In a report filed this week, the doctors reiterated statements they have made for months: Muth has made progress, but they think he needs more treatment and observation before he is fit to stand trial.
Muth, 48, is charged with first-degree murder in the death of Viola Drath, 91, his wife of 22 years. At the hearing, a shackled Muth spoke only to say “good morning” to Canan as U.S. marshals seated him next to his attorneys from the District’s Public Defender Service.
At recent hearings, Canan had pressed prosecutors and Muth’s attorneys to prepare for an Oct. 9 trial. But Canan acknowledged at Thursday’s hearing that if St. Elizabeths doctors needed more time, October might not be realistic.
Canan then set a tentative date of Dec. 3. But defense attorney Dana Page argued that her team might need more time to prepare its defense because Muth has been hospitalized for five months. A December trial, Page said, would result in “ineffective” assistance for Muth.

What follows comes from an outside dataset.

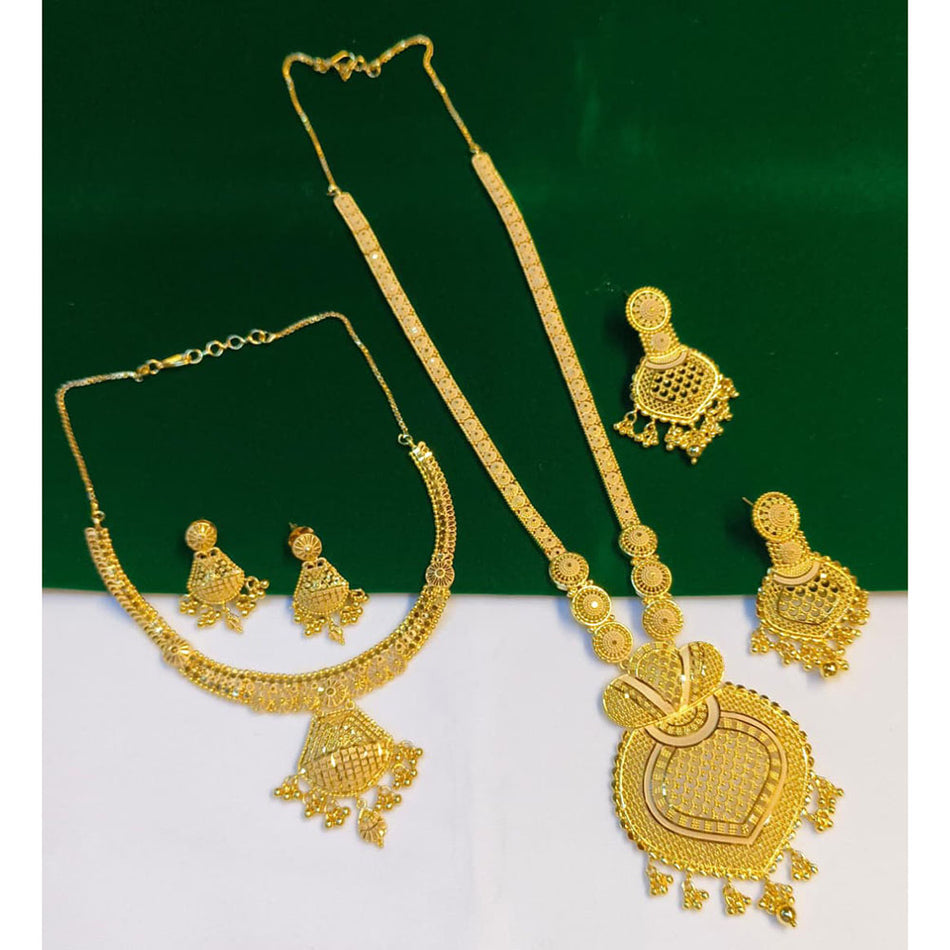 Double Necklace Set in Premium Gold Plated | Bridal Jewellery India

Canan said delaying the case into next year would mean an “extraordinarily long time” would have passed between Muth’s arrest and his trial. Still, he proposed a March 25 trial and said he hopes to set a date at a hearing scheduled for Sept. 6.

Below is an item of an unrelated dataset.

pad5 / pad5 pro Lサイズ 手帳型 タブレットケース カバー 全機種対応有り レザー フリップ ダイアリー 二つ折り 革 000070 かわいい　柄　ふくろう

Frustrations with the process of and delays in getting the case to trial seemed to surface at Thursday’s hearing. Assistant U.S. Attorney Glenn Kirschner told Canan that the government recently hired its own doctors to evaluate Muth and said he believes they were prepared to rule that he was competent for trial.
Kirschner said the report should be filed in about two weeks. But such a report would contradict the evaluation of the St. Elizabeths doctors.

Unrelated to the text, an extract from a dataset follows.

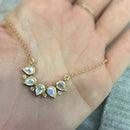 Rainbow Moonstone and Diamond Horizon Pendant Necklace by La Kaiser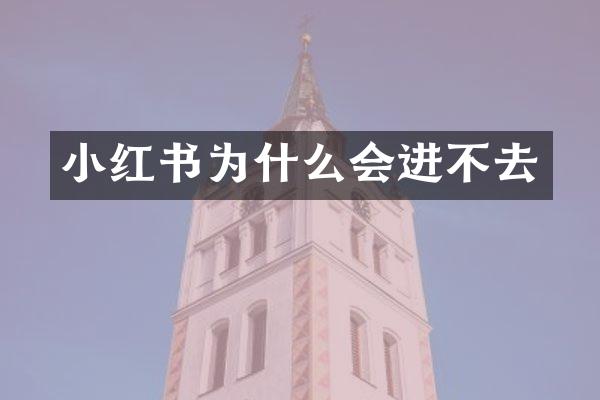 小红书为什么会进不去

Muth, who continues to tell St. Elizabeths doctors he is a general in the Iraqi army, had told the judge in an earlier hearing that his wife’s death was a “hit” ordered by Iranian agents.
Drath’s body was found in the second-floor bathroom of the home she and Muth shared in the 3200 block of Q Street NW. Muth called police and said his wife died from a fall, but a medical examiner ruled that she had been strangled and beaten.
At the hearing, Kirschner said prosecutors and doctors from St. Elizabeths planned to meet with members of Drath’s family in hopes of better understanding of Muth’s life and helping them evaluate his mental state.
Muth’s attorneys asked whether they could also meet with Drath’s family. Kirschner said he would talk to the family members to determine their willingness and availability. One of Drath’s daughters, who was seated in the back of the courtroom, shook her head as she heard the request.